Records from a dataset
########

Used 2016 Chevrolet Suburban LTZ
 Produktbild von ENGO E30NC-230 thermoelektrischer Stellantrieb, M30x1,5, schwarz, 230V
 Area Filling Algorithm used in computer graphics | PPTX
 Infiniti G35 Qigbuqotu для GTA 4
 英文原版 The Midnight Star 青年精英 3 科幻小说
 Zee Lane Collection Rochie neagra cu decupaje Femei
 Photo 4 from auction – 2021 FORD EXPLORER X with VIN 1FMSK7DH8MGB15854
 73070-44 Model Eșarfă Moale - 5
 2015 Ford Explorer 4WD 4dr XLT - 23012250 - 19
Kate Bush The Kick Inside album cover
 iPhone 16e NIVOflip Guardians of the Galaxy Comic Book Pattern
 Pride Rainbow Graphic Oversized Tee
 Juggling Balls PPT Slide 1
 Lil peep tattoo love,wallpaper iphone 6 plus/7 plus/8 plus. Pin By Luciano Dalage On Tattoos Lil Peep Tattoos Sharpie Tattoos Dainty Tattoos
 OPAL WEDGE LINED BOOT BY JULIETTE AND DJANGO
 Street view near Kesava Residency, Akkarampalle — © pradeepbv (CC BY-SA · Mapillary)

########

— ACTIVITY —
The expected output is the run of lines from the one holding "OPAL WEDGE LINED BOOT BY JULIETTE AND DJANGO" to the last line of the entries above, each reproduced character for character.

— EXERCISE SOLUTION —
 OPAL WEDGE LINED BOOT BY JULIETTE AND DJANGO
 Street view near Kesava Residency, Akkarampalle — © pradeepbv (CC BY-SA · Mapillary)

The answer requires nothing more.